● PROBLEM TO WORK ON: Reproduce the data in full, exactly as given, leaving images out.

● DATA BELOW:
►
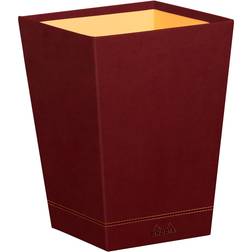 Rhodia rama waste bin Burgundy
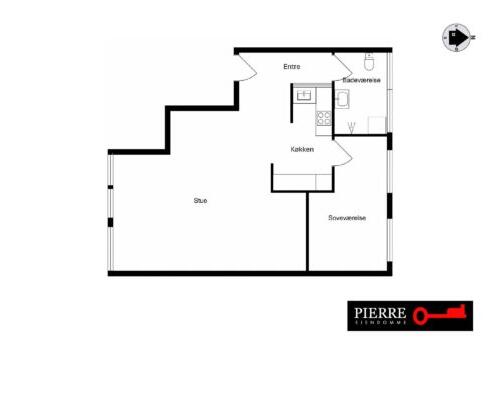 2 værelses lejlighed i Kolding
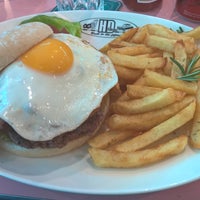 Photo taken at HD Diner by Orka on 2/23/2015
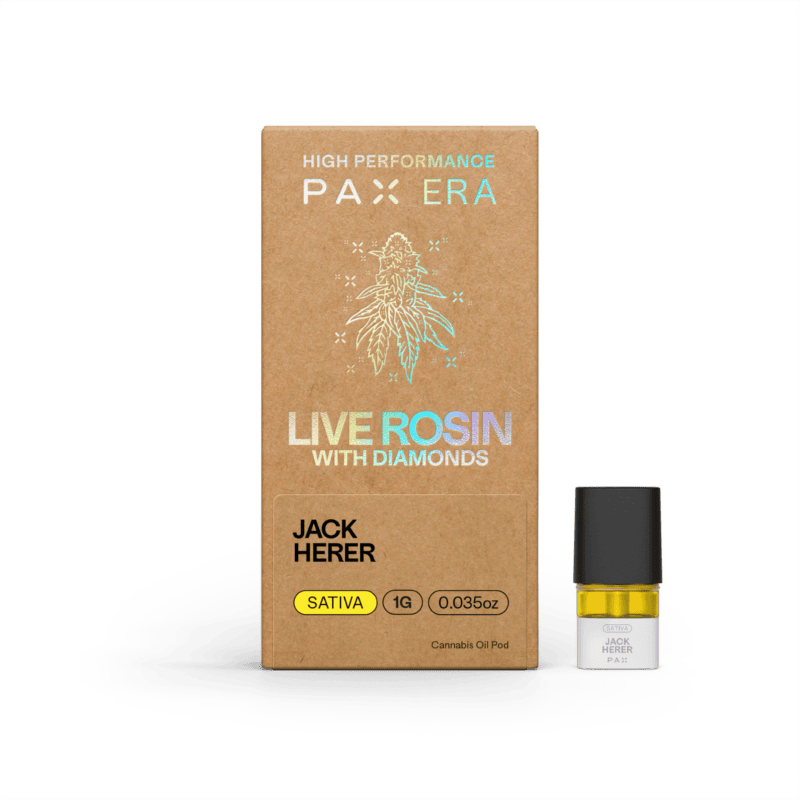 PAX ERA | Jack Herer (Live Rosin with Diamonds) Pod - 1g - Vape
◄
● SOLUTION FOR THIS PROBLEM:
 Rhodia rama waste bin Burgundy
 2 værelses lejlighed i Kolding
 Photo taken at HD Diner by Orka on 2/23/2015
 PAX ERA | Jack Herer (Live Rosin with Diamonds) Pod - 1g - Vape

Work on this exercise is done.